Uwe Seeler celebrated his 80th birthday on Saturday. Asked by a reporter what he wished for, Seeler said good health, but his hopes for a draw for former club Hamburg against Dortmund were denied.
Even at the age of 80, Uwe Seeler remains one of Germany's most beloved sports figures, as much for his humble personality as his feats on the soccer field.
Seeler, who was born in Hamburg and has lived there all of his life, also spent his entire career with just one football club (barring one game for Ireland's Cork Celtic!).
Having joined SV Hamburg's youth program, Seeler graduated to the first team in 1953. After almost a decade playing for Hamburg in what was then the top flight, the Oberliga-Nord, he moved with Hamburg to the newly formed Bundesliga in 1963, scoring 30 goals to become the new national league's first top scorer. By the end of his Hamburg career in 1972, he had scored 404 goals in 476 league games.
Seeler won many awards during his career, including being named West Germany's player of the year in 1960, 1964 and 1979. However, Hamburg only managed to win two titles with him in the lineup; the German championship in 1960, and the German Cup in 1963.
It wasn't due to a lack of offers that Seeler remained true to his hometown club. In 1961, Inter Milan reportedly bid more than a million deutschmarks, one of the highest transfer fees offered at the time, in an effort to lure him from the Elbe to northern Italy. Obviously, Seeler elected to stay put.
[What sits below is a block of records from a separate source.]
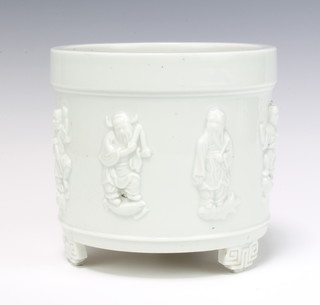 An Early 20th Century Chinese white glazed jardiniere decorated with 8 figures of the immortals 15cm 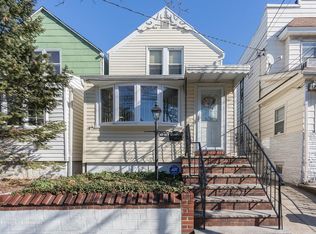 10725 88th St, Ozone Park, NY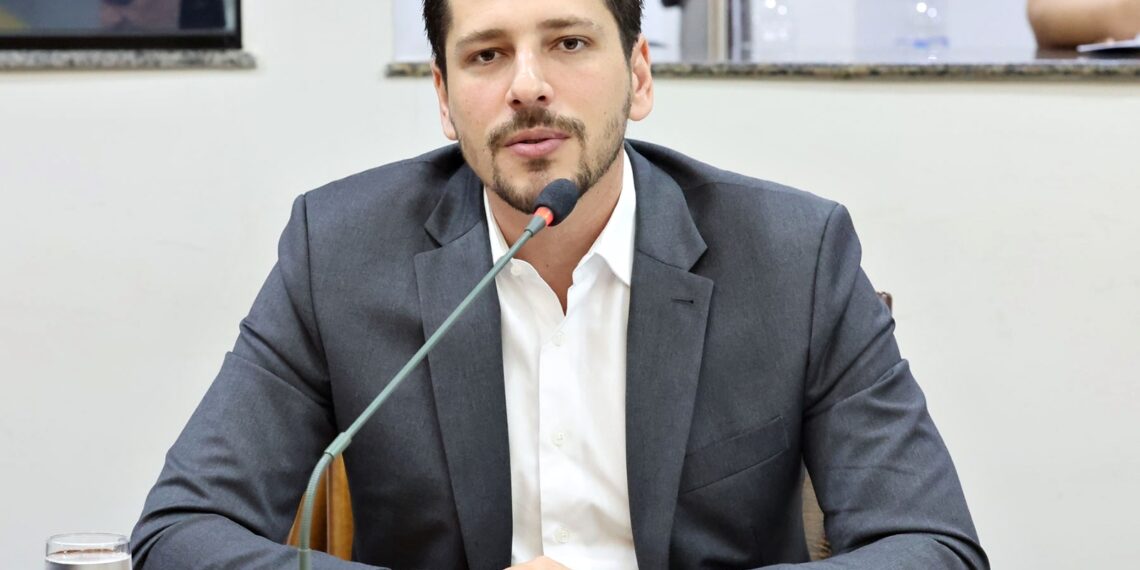 Olyntho Neto pede audiência pública sobre serviços de telefonia no Tocantins e mira instalação de CPI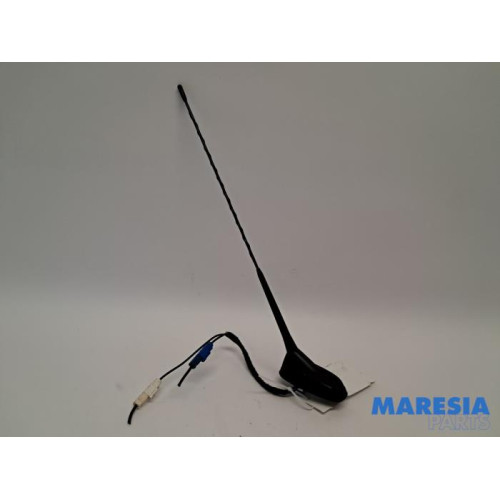 Peugeot - 208 - Antenne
Seeler also had a long career with the West German national team, competing in four World Cups between 1958 and 1970. One of the best-remembered images is of him walking off the Wembley pitch with head bowed in defeat after England beat West Germany after a disputed goal in the 1966 final.
What was arguably his most famous goal came against England four years later, when he used the back of his head to score West Germany's second goal, the equalizer, which put their quarterfinal match into extra time. England goalkeeper Peter Bonetti, who was called into action at short notice after Gordon Banks had taken ill, appeared completely surprised by the header, which just looped down under the bar. West Germany went on to win the match 3-2 in extra time.
After his playing career was over, Seeler worked as a representative for sporting goods manufacturer Adidas and for a short time, owned his own line of sporting attire, as well as owning and operating a filling station. For three years, from 1995 to 1998, he also served as president of his beloved Hamburg.
However he stepped down to take responsibility for a financial scandal surrounding the club, which by all accounts was not of his making.
Through it all, the son of a laborer at Hamburg's port, who has been married to his wife Ilka for 57 years, has kept his feet planted firmly on the ground.
"We are completely normal and that is wonderful," he once said, rejecting any allures of stardom, despite his fame.